This image released by Universal Pictures shows Cillian Murphy in a scene from "Oppenheimer". (Universal Pictures via AP)
This image released by Universal Pictures shows Cillian Murphy in a scene from "Oppenheimer". (Universal Pictures via AP)

“Ted Lasso” star Hannah Waddingham's Christmas special and this week's edition of “Dancing With the Stars” promising celebrities swaying to the music of Taylor Swift are some of the new television, movies, music and games headed to a device near you.
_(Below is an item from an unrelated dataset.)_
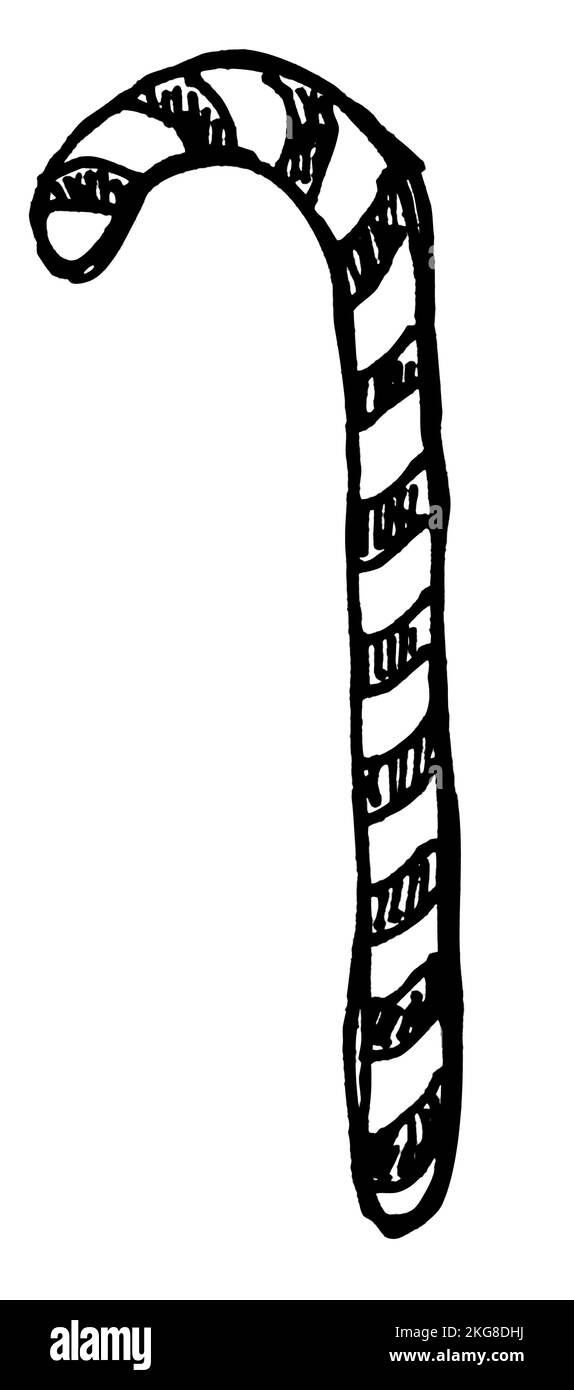 Natale icona decorazione disegnata a mano libera Illustrazione Vettoriale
Also among the offerings worth your time as selected by The Associated Press’ entertainment journalists is a collection of 55 Tina Turner singles from 1975-2023, Christopher Nolan’s “Oppenheimer” is finally available to watch in your living room and Adam Sandler voices a 74-year-old lizard in Netflix's animated “Leo.”
NEW MOVIES TO STREAM — Are you and your home entertainment system prepared? After making nearly $950 million at the box office, Christopher Nolan’s three-hour “Oppenheimer” is finally be available to watch in your living room. There’s a UHD streaming version available to purchase for $19.99, as well as 4K Ultra HD and Blu-Ray options with over 3 hours of extras, with everything overseen by Nolan. AP Film Writer Jake Coyle wrote in his review that, “There are times in Nolan’s latest opus that flames fill the frame and visions of subatomic particles flitter across the screen — montages of Oppenheimer’s own churning visions. But for all the immensity of 'Oppenheimer,' this is Nolan’s most human-scaled film — and one of his greatest achievements.”
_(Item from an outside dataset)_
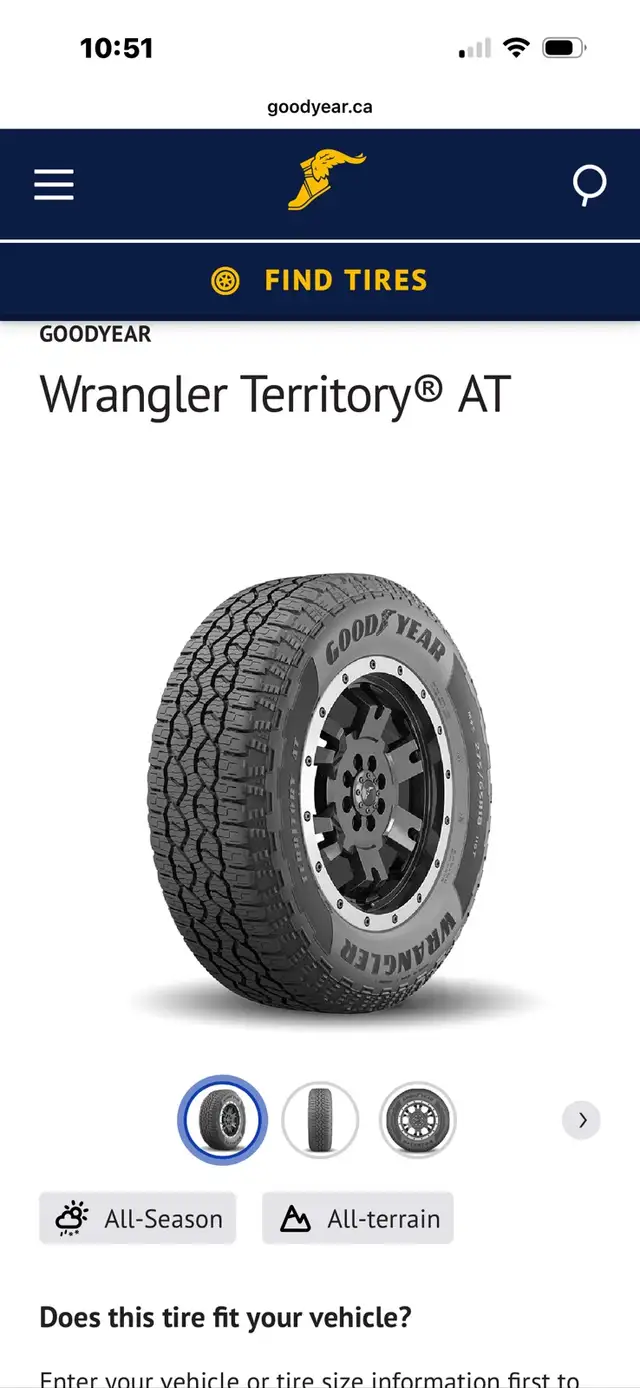 Snow tires 275/65/R18 in Tires & Rims in City of Halifax - Image 2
— Adam Sandler plays a 74-year-old class lizard named “Leo” in the latest Netflix animation offering. Worried he’s wasted his life in a cage, Leo tries to plot his escape when a kid in the school is assigned to take him home. But some mishaps ensue and he ends up befriending some of the elementary school kids when they learn he can talk. Sandler is joined by a strong comedic voice cast including Bill Burr, Cecily Strong, Jason Alexander, Jo Koy and, of course, Rob Schneider.
— Good golly, Miss Molly, is Little Richard the uncrowned king of rock ‘n’ roll? The documentary “Little Richard: I Am Everything,” directed by Lisa Cortés and streaming on Max, makes a solid case. His flamboyant and boundary pushing lyrics, style and music had a direct influence on famous acts to follow, including the Beatles, David Bowie, Elton John, Mick Jagger and even filmmaker John Waters, who calls his own mustache a “twisted tribute” to Little Richard. In his review, AP critic Mark Kennedy wrote “Cortés’ film is also the story of American rock itself, the way transistor radios allowed teens in the ‘50s to rebel against their parents’ staid music and how Black music was appropriated by white bands.”
— AP Film Writer Lindsey Bahr
NEW MUSIC TO STREAM — The music world lost a giant when Tina Turner, the undisputed “Queen of Rock ‘n’ Roll” died in May 2023. She left behind an incredible body of work, songs that only become more deeply felt with the passage of time. To celebrate the prolific artist, Rhino Records releases “Turner, Queen of Rock ‘n’ Roll (A Collection of All Her Singles From 1975-2023)” on Black Friday – a massive collection of 55 tracks across five vinyl records and three CDs. But if physical media isn’t your thing – and this series is called “What to Stream,” after all — the set will be available on streaming platforms, too.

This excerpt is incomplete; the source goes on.